• _REQUIRED ACTION_
Please, from the entries below, transcribe exactly the lines that begin at the line with "Civil engineering team" and end at the line with "Vaate t-paita, lyhythihainen", without the pictures.

DATA SHOWN below:

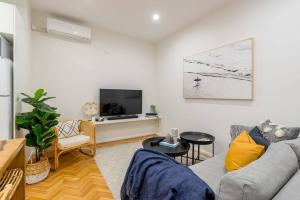 a living room with a couch and a tv at Coastal Nest - Stylish 1BR Steps to Towradgi Beach in Towradgi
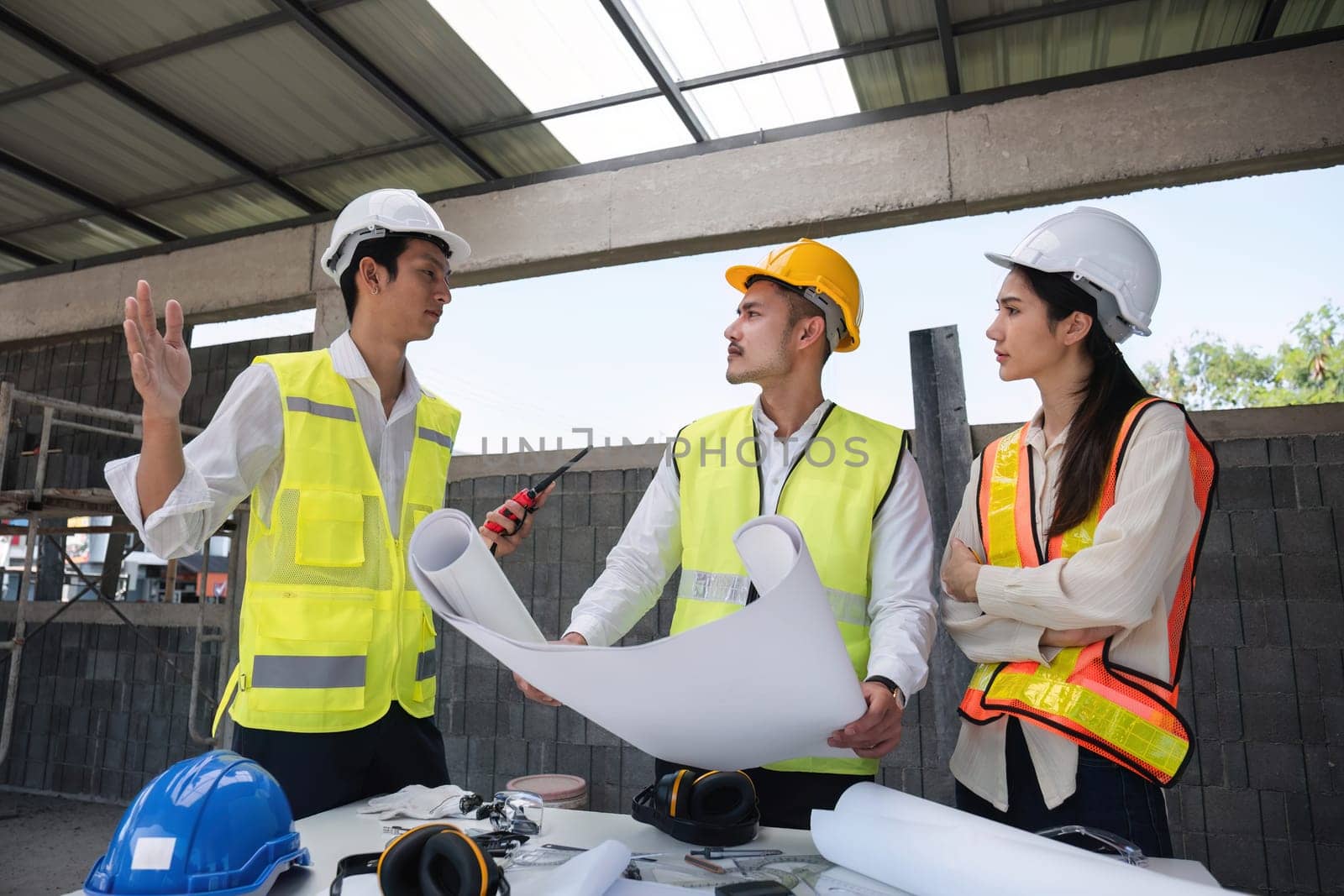 Civil engineering team meets to plan work on construction project in the construction area Foreman, industrial project manager, engineer working as a team Professional team in Asian industry by wichayada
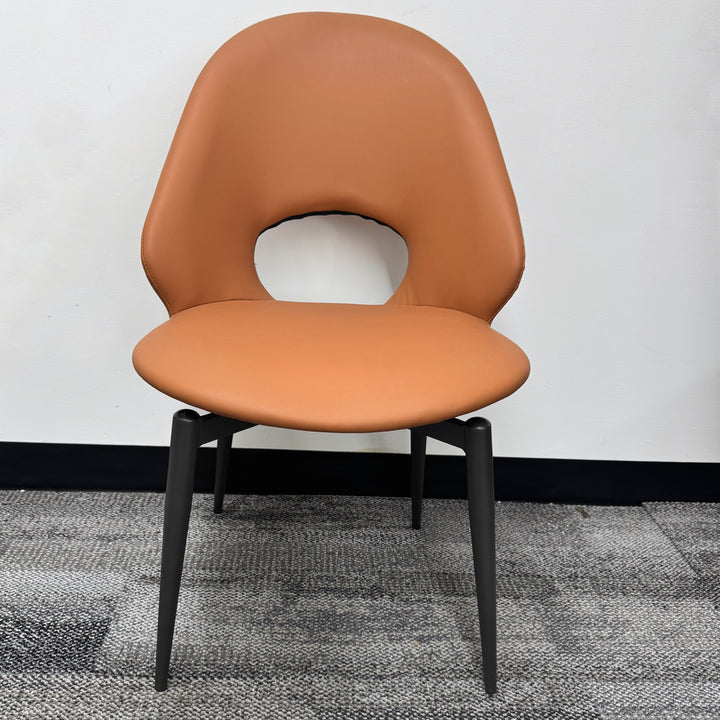 Modern tan accent chair with a round cutout back and black metal legs on a gray carpet
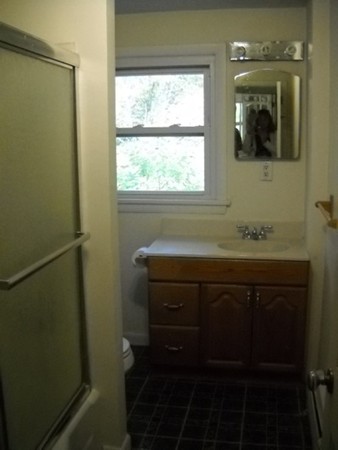 123 S Road Hampden, MA 01036 - Photo 24 of 28 a bathroom with a sink a mirror and a window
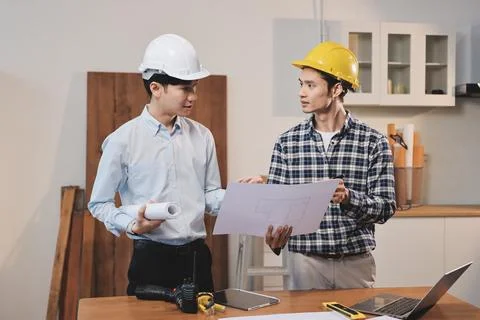 Asian architect and engineer team checking architectural house model using .. Stock Photos
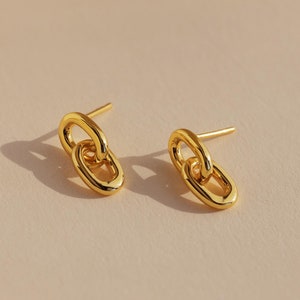 May include: A pair of gold-colored stud earrings. Each earring features two interlocked oval links. The earrings are displayed on a light beige surface, with soft shadows adding depth. The jewelry is simple and elegant.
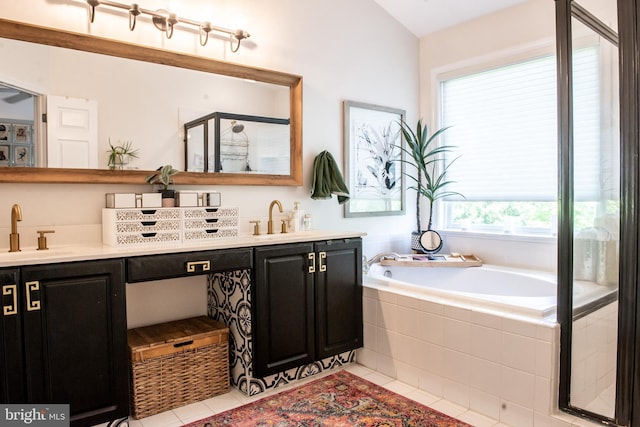 20636 Muddy Harbour Sq, Sterling, VA 20165 - full bathroom featuring tile patterned floors, double vanity, a bath, and a stall shower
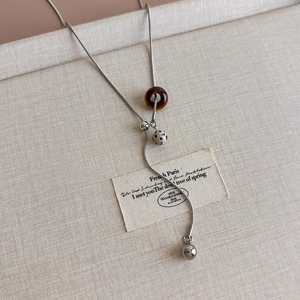 Detail of vintage Y-shaped necklace with tiger eye stone and resin ring on fabric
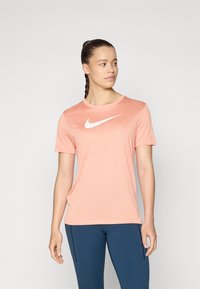Vaate t-paita, lyhythihainen ja pyöreäkauluksinen Nike, vaaleanpunaisesta kankaasta, jossa on suuri valkoinen Nike-logo rinnan kohdalla. Sileä tekstuuri, minimalistinen muotoilu.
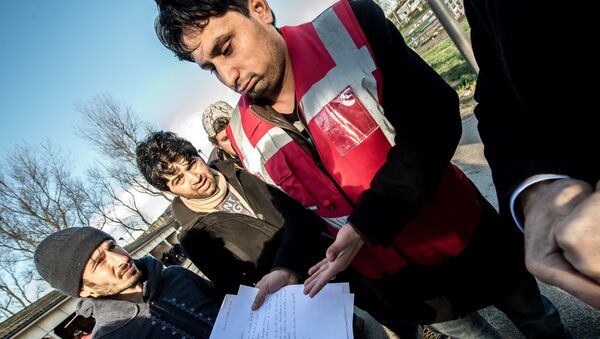 A translator shows documents to Afghan migrants during a roam by members of The French Office for the Protection of Refugees and Stateless Persons (OFPRA), at the Jules Ferry reception centre near the Jungle migrant camp in Calais, on January 14, 2016. - Sputnik International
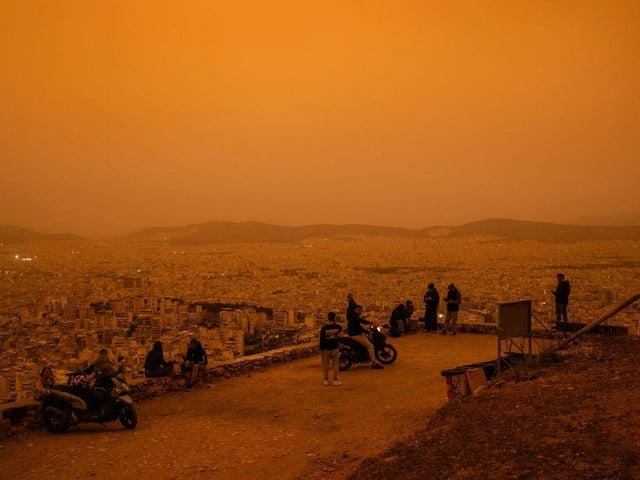 The view from Tourkovounia hill, overlooking the city of Athens, was limited due to the dust storm.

End of DATA SHOWN.

• _EXERCISE SOLUTION_
 Civil engineering team meets to plan work on construction project in the construction area Foreman, industrial project manager, engineer working as a team Professional team in Asian industry by wichayada
 Modern tan accent chair with a round cutout back and black metal legs on a gray carpet
 123 S Road Hampden, MA 01036 - Photo 24 of 28 a bathroom with a sink a mirror and a window
 Asian architect and engineer team checking architectural house model using .. Stock Photos
 May include: A pair of gold-colored stud earrings. Each earring features two interlocked oval links. The earrings are displayed on a light beige surface, with soft shadows adding depth. The jewelry is simple and elegant.
 20636 Muddy Harbour Sq, Sterling, VA 20165 - full bathroom featuring tile patterned floors, double vanity, a bath, and a stall shower
 Detail of vintage Y-shaped necklace with tiger eye stone and resin ring on fabric
Vaate t-paita, lyhythihainen ja pyöreäkauluksinen Nike, vaaleanpunaisesta kankaasta, jossa on suuri valkoinen Nike-logo rinnan kohdalla. Sileä tekstuuri, minimalistinen muotoilu.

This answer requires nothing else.